Spinal Fluid Changes With Spinraza’s Use Mild, Possibly Due to Lumbar Puncture

Marisa Wexler, MS avatar

by Marisa Wexler, MS |

Share this article:

Share article via email
Spinraza and CSF changes

Treatment with Spinraza (nusinersen) may cause some alterations in the cerebrospinal fluid — that which surrounds the brain and spinal cord — in adults with spinal muscular atrophy (SMA), a study reported.

Changes recorded, like in total protein, were “mild” and without affect on treatment tolerability, the researchers wrote, and likely due to the lumbar punctures given to administer Spinraza than to the therapy itself. Still, they noted a need for further monitoring.

The study, “Cerebrospinal Fluid Parameters in Antisense Oligonucleotide-Treated Adult 5q-Spinal Muscular Atrophy Patients,” was published in Brain Sciences.

Spinraza, by Biogen, was the first SMA treatment to be approved in the U.S. It works by increasing levels of SMN protein, the lack of which causes SMA.

Because Spinraza cannot cross the blood-brain barrier — which, as its names suggests, limits what substances can pass from the blood into the brain — it must be administered by intrathecal injection. This is an injection directly into the cerebrospinal fluid (CSF) via a lumbar puncture — an injection directly into the spinal cord.

Some studies have indicated that treatment with Spinraza can lead to certain changes in the CSF, such as the amount of protein in the fluid. However, these effects are poorly understood.

A research team with Hannover Medical School in Germany took and analyzed CSF-related measures from 28 adults with SMA who were treated with Spinraza between 2017 and 2019. Among the patients, 10 had type 2 SMA, 17 had type 3, and one had type 4. Their median age was 36, and 64.3% were male.

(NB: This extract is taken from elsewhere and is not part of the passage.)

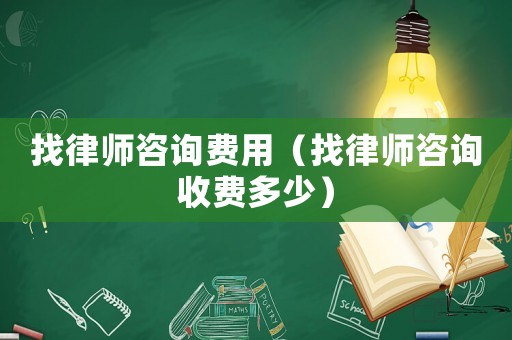 找律師咨詢費用（找律師咨詢收費多少）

Patients were given Spinraza, as recommended, first in loading doses and then as a maintenance treatment. During the loading period, Spinraza was administered via lumbar puncture on days 0, 14, 28, and 63; as maintenance, it’s given once every four months.

Prior to each injection, the researchers took CSF samples and reported detailed analyses of how various CSF parameters changed over time. Not all data was available for every patient at every time point, they noted.

Collectively, the 28 patients received 179 lumbar punctures. Consistent with prior findings, Spinraza’s use was generally safe, the researchers wrote, with no side effects reported across the majority (58%) of treatments given.

Side effects that did occur were mostly (80.2%) classified as being related to the procedure. That is, they were likely a result of the lumbar puncture rather than the medication.

“Our results confirm the notion that intrathecal administration of nusinersen [Spinraza] in adult SMA patients is generally safe and well tolerated,” the researchers wrote.

The team found several noteworthy trends in CSF measures. For example, total protein levels in the CSF and CSF/serum albumin quotient (QAlbumin) were often elevated. Both CSF protein levels and QAlbumin are markers of blood-brain barrier dysfunction. In other words, these changes suggest that this barrier is “leakier” in SMA patients than is typical.

These parameters were most often elevated toward the start of treatment, during or near the roughly two-month loading phase, when three of four lumbar punctures are given 14 days apart.

“We suggest that a short interval between repeated LPs [lumbar punctures] is more likely to result in an elevation of CSF protein parameters, especially against the background of numerous repeated LPs,” the team wrote.

They also noted that it is not possible to distinguish between the effects of Spinraza itself, and the effects of its administration, since every patient is treated via a lumbar puncture.

CSF parameters were often atypical in SMA patients, even in the absence of treatment, the researchers added. For example, 28% of these patients had higher-than-normal CSF protein levels before first use of Spinraza. The team suggested this may be due to the underlying disease, or to cut-off values that poorly determine what constitutes “higher-than-normal” protein levels.

Patients’ CSF protein levels also closely associated with age and other factors, and researchers suggested these factors may need to be accounted for in future analyses to ensure accuracy.

Various statistical analyses were done to look for associations between CSF parameters and measures of disease severity and clinical function, but generally no significant associations were found. While a few patients had rare inflammation-associated markers in their CSF, these were not linked with poorer Spinraza-related outcomes.

This study “confirms the previous findings on mild changes in CSF routine parameters in adult SMA patients under nusinersen treatment,” the researchers concluded.

“Conspicuous pre-treatment CSF findings … had no impact on the tolerability of nusinersen,” they added, although “it is important to further investigate and monitor CSF routine parameters.”